DeWalt made an interesting point about software sales to consumers. He noted that accounting rules require McAfee to book revenue from each consumer sale over 36 months. As such, he said, revenue reported in any one quarter is “a backward looking indicator.”As for what transpired specifically in the third quarter, DeWalt said consumer bookings grew 12.5 percent.
Looking ahead, McAfee foresees fourth-quarter profit, excluding items, of 61 to 65 cents per share on revenue of $505 million to $525 million. Analysts expect McAfee to earn 63 cents per share on revenue of $507 million.
McAfee fell just short of expectations on the revenue side, and it was punished accordingly by analysts and investors alike. Conversely, Symantec wasn’t a train wreck, as some analysts had anticipated, so it was rewarded for taking steps toward stability.
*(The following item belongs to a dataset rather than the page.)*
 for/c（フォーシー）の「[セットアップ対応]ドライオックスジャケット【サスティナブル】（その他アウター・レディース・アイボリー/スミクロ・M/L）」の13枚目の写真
Although some of the business press focused on Symantec’s pickup in consumer business, the real battle between it and McAfee will occur in enterprise accounts, from SMBs all the way up to the largest corporations. Even though investors like the margins associated with anti-malware sold to consumers, that market is intensely competitive, even more so now Microsoft finally has a free consumer offering, Microsoft Security Essentials (MSE), that is good enough to cut into the for-pay sales of Symantec, McAfee, Trend, and others.
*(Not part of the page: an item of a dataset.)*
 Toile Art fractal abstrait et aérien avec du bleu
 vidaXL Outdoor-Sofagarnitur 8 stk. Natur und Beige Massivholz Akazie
Neither Symantec nor McAfee will admit that Microsoft is a threat on the consumer front, but, behind the scenes, they must be concerned about market erosion.
Symantec is making considerable effort to rectify the problems it had in its SMB channel. It also won some big enterprise deals. Increasingly, what it does in enterprise markets will be critical to its long-term prosperity. Although evidence suggests McAfee is gaining ground on Symantec in business markets, “big yellow” is getting back to basics and will make its smaller rival earn any further advances.
It won’t be easy for either vendor. Even as they’re getting pinched competitively in the consumer space, Symantec and McAfee confront constrained corporate budgets.
According to Bloomberg, Goldman Sachs Group reported this month that enterprise global spending on security programs next year will grow about 5 percent, compared with an 8 percent increase for all enterprise software.